** What you will do **
Each record below is to be output with no change at all.
*** Begin section ***
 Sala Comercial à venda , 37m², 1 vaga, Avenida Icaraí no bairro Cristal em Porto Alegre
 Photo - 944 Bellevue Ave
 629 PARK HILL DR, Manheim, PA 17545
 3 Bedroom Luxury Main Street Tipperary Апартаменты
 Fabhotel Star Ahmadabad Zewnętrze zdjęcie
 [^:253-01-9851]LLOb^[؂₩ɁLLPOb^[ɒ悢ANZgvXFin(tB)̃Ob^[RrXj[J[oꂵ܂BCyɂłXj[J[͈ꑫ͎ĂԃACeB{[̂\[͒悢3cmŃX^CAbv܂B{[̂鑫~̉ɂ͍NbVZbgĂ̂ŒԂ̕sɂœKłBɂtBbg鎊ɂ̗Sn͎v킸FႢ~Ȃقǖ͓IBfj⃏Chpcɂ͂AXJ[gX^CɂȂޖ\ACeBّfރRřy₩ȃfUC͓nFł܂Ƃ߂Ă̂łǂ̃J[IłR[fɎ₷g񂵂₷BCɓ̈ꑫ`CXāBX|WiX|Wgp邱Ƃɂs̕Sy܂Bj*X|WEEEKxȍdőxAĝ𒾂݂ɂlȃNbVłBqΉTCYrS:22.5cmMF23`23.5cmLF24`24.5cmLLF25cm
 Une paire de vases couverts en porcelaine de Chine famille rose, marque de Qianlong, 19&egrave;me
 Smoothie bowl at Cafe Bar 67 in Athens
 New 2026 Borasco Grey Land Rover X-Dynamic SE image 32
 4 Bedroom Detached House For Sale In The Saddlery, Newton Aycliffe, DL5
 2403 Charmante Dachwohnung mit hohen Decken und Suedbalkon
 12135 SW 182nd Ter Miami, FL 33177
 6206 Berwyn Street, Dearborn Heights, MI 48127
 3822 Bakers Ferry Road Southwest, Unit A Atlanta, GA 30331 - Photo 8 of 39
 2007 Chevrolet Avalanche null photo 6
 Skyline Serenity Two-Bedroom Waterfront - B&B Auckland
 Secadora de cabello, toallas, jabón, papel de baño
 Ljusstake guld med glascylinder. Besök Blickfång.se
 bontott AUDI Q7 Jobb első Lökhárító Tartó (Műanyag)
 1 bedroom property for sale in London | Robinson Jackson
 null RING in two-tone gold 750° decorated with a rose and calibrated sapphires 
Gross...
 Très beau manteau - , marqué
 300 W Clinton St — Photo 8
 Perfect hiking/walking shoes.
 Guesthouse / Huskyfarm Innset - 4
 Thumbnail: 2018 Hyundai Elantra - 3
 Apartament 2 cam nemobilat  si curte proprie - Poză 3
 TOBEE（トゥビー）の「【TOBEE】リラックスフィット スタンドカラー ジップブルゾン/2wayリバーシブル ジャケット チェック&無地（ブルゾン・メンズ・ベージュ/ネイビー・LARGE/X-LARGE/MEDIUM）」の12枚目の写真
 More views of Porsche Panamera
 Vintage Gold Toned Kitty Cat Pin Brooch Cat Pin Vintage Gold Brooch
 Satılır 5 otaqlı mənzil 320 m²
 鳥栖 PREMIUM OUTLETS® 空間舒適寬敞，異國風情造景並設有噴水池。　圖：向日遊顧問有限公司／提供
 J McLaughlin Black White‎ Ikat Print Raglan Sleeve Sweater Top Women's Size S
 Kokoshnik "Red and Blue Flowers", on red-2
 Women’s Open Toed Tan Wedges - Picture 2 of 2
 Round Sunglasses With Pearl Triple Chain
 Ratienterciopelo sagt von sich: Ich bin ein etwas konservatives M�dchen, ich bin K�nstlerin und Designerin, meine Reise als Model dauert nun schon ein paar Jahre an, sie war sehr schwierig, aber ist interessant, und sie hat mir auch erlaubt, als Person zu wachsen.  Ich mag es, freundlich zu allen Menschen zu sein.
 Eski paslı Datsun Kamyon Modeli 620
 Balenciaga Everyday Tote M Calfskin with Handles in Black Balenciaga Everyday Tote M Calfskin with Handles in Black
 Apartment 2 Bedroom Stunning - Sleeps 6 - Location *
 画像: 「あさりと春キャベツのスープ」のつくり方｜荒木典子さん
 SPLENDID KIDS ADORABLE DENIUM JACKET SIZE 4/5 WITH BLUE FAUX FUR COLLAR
*** End section ***
** Output **
 Sala Comercial à venda , 37m², 1 vaga, Avenida Icaraí no bairro Cristal em Porto Alegre
 Photo - 944 Bellevue Ave
 629 PARK HILL DR, Manheim, PA 17545
 3 Bedroom Luxury Main Street Tipperary Апартаменты
 Fabhotel Star Ahmadabad Zewnętrze zdjęcie
 [^:253-01-9851]LLOb^[؂₩ɁLLPOb^[ɒ悢ANZgvXFin(tB)̃Ob^[RrXj[J[oꂵ܂BCyɂłXj[J[͈ꑫ͎ĂԃACeB{[̂\[͒悢3cmŃX^CAbv܂B{[̂鑫~̉ɂ͍NbVZbgĂ̂ŒԂ̕sɂœKłBɂtBbg鎊ɂ̗Sn͎v킸FႢ~Ȃقǖ͓IBfj⃏Chpcɂ͂AXJ[gX^CɂȂޖ\ACeBّfރRřy₩ȃfUC͓nFł܂Ƃ߂Ă̂łǂ̃J[IłR[fɎ₷g񂵂₷BCɓ̈ꑫ`CXāBX|WiX|Wgp邱Ƃɂs̕Sy܂Bj*X|WEEEKxȍdőxAĝ𒾂݂ɂlȃNbVłBqΉTCYrS:22.5cmMF23`23.5cmLF24`24.5cmLLF25cm
 Une paire de vases couverts en porcelaine de Chine famille rose, marque de Qianlong, 19&egrave;me
 Smoothie bowl at Cafe Bar 67 in Athens
 New 2026 Borasco Grey Land Rover X-Dynamic SE image 32
 4 Bedroom Detached House For Sale In The Saddlery, Newton Aycliffe, DL5
 2403 Charmante Dachwohnung mit hohen Decken und Suedbalkon
 12135 SW 182nd Ter Miami, FL 33177
 6206 Berwyn Street, Dearborn Heights, MI 48127
 3822 Bakers Ferry Road Southwest, Unit A Atlanta, GA 30331 - Photo 8 of 39
 2007 Chevrolet Avalanche null photo 6
 Skyline Serenity Two-Bedroom Waterfront - B&B Auckland
 Secadora de cabello, toallas, jabón, papel de baño
 Ljusstake guld med glascylinder. Besök Blickfång.se
 bontott AUDI Q7 Jobb első Lökhárító Tartó (Műanyag)
 1 bedroom property for sale in London | Robinson Jackson
 null RING in two-tone gold 750° decorated with a rose and calibrated sapphires 
Gross...
 Très beau manteau - , marqué
 300 W Clinton St — Photo 8
 Perfect hiking/walking shoes.
 Guesthouse / Huskyfarm Innset - 4
 Thumbnail: 2018 Hyundai Elantra - 3
 Apartament 2 cam nemobilat  si curte proprie - Poză 3
 TOBEE（トゥビー）の「【TOBEE】リラックスフィット スタンドカラー ジップブルゾン/2wayリバーシブル ジャケット チェック&無地（ブルゾン・メンズ・ベージュ/ネイビー・LARGE/X-LARGE/MEDIUM）」の12枚目の写真
 More views of Porsche Panamera
 Vintage Gold Toned Kitty Cat Pin Brooch Cat Pin Vintage Gold Brooch
 Satılır 5 otaqlı mənzil 320 m²
 鳥栖 PREMIUM OUTLETS® 空間舒適寬敞，異國風情造景並設有噴水池。　圖：向日遊顧問有限公司／提供
 J McLaughlin Black White‎ Ikat Print Raglan Sleeve Sweater Top Women's Size S
 Kokoshnik "Red and Blue Flowers", on red-2
 Women’s Open Toed Tan Wedges - Picture 2 of 2
 Round Sunglasses With Pearl Triple Chain
 Ratienterciopelo sagt von sich: Ich bin ein etwas konservatives M�dchen, ich bin K�nstlerin und Designerin, meine Reise als Model dauert nun schon ein paar Jahre an, sie war sehr schwierig, aber ist interessant, und sie hat mir auch erlaubt, als Person zu wachsen.  Ich mag es, freundlich zu allen Menschen zu sein.
 Eski paslı Datsun Kamyon Modeli 620
 Balenciaga Everyday Tote M Calfskin with Handles in Black Balenciaga Everyday Tote M Calfskin with Handles in Black
 Apartment 2 Bedroom Stunning - Sleeps 6 - Location *
 画像: 「あさりと春キャベツのスープ」のつくり方｜荒木典子さん
 SPLENDID KIDS ADORABLE DENIUM JACKET SIZE 4/5 WITH BLUE FAUX FUR COLLAR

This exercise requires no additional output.